Helpful Resources

Helpful Resources for Web Admins/Website Owners

General Notes:

  • Brozzler crawls can not be scheduled. This is problematic as more and more of our regularly crawled sites require Brozzler.
  • Expanding Crawl to Accept Vimeo Videos
    • Add the following seed scope rules:
      • Ignore Robots.txt
      • Expand Scope to include URL if it matches the SURT: http://(com,vimeocdn

Seed/Crawl Notes

  • President Granberg Inauguration (no longer active)
    • Embedded media not compliant with youtube-dl
  • GW Law Course Catalog
    • https://courses.law.gwu.edu/
      • This website runs on the Blazor web framework.
      • Known issue with replay of crawls. Correspondence with Archive-It indicates that this is an issue with replay in WaybackMachine, not with the actual crawls.
        • “The issue in this case boils down to the way that the original site appends unique ID strings to each request for the course information shown. The ID generated by the archived site does not match the original from crawl time, so we end up with pieces missing…I think that it will be necessary to teach our Wayback replay software to ignore these unique IDs and just load the file with the closest matching URL. “
  • NEA Websites
    • Resource Page
      • Need time to better scope this crawl.

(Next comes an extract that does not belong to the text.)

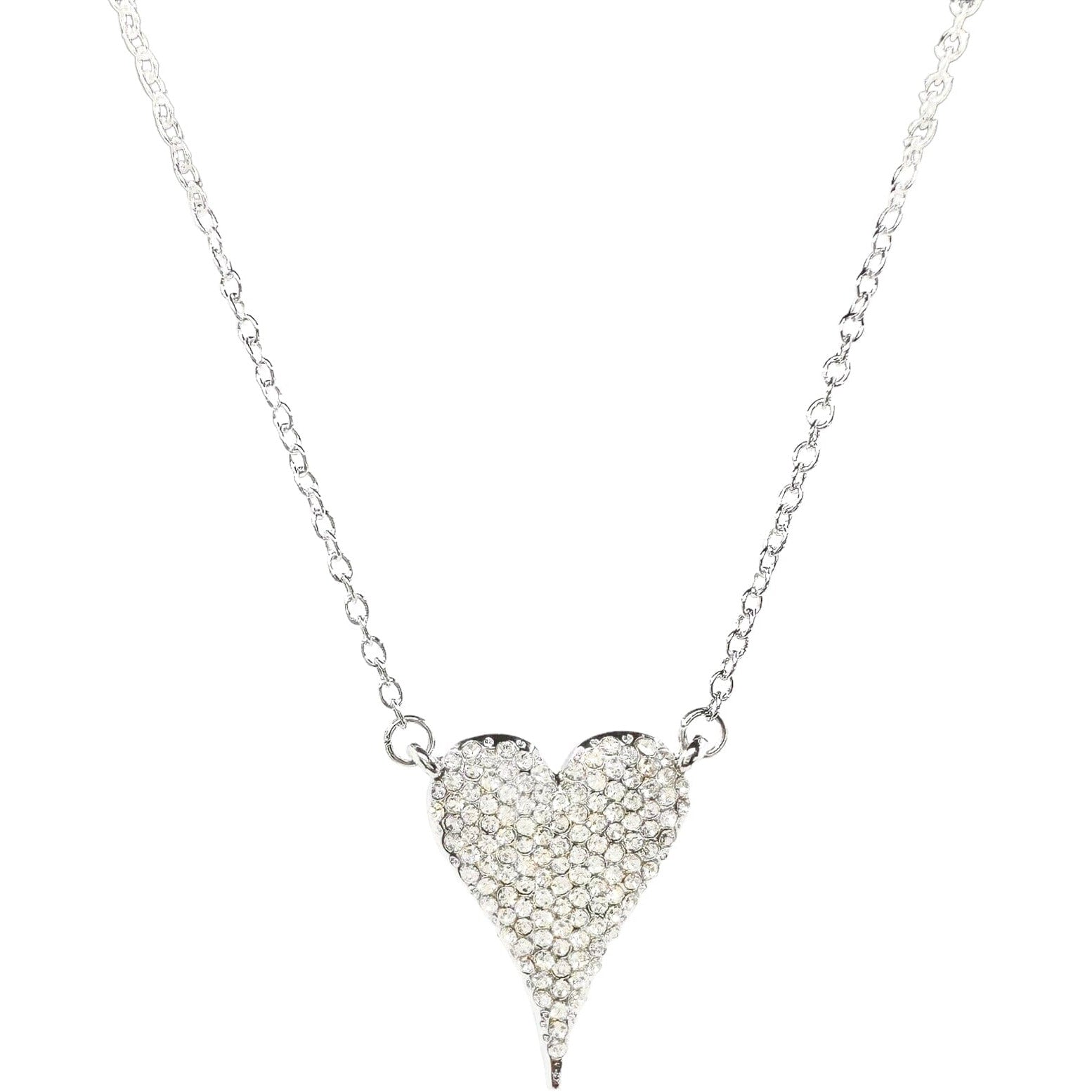 Amara Heart Diamond Necklace Necklaces Trendzio Silver 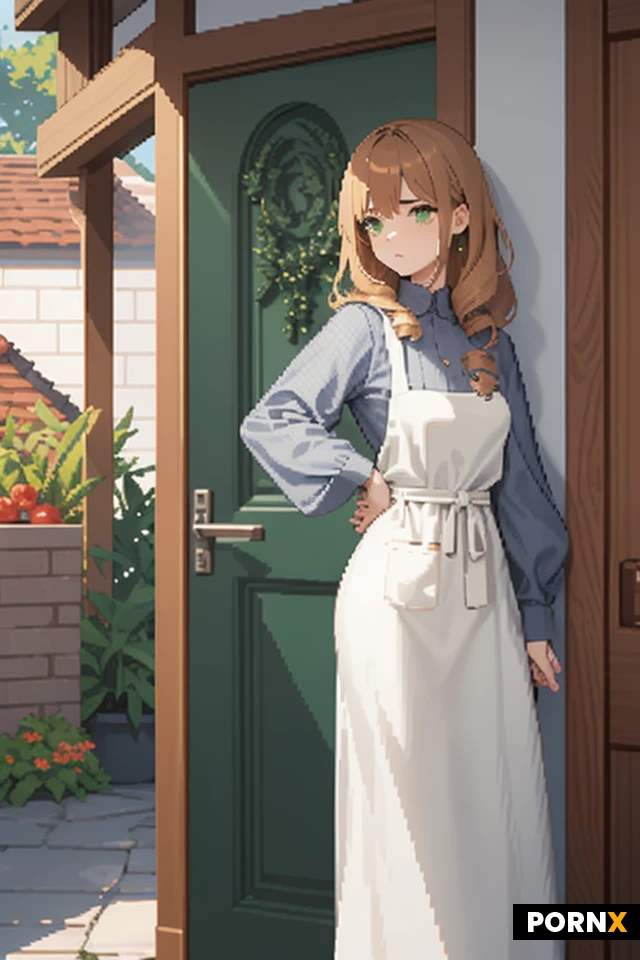 A stylized pixel art image of a tired twenty‑year‑old girl: long curly chestnut hair, green eyes, a round butt, small breasts, average height, a tired face. She is looking at the camera, wearing a grey medieval dress and a white apron, standing by a wooden door in a modest pose. Retro‑style pixel aesthetic, soft halftone shades, bright colours — sprite style inspired by 16‑bit graphics, pixel art.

Issues with pagination on the resource library pages.
  • Foggy Bottom Association
    • Use Brozzler!
    • Wix site, Seed scoped w/ Archive-It’s recommendations for WIX: https://support.archive-it.org/hc/en-us/articles/208824546-Archiving-Wix-sites
    • False 404 crawl trap results; unresolved.
  • Beltwaypoetry.com
    • Crawl trap w/ social media and contact form embeds (?)
      • Scope rules:
        • block URL if it contains “?share=”
        • block URL if it contains ““/contact-form-7/”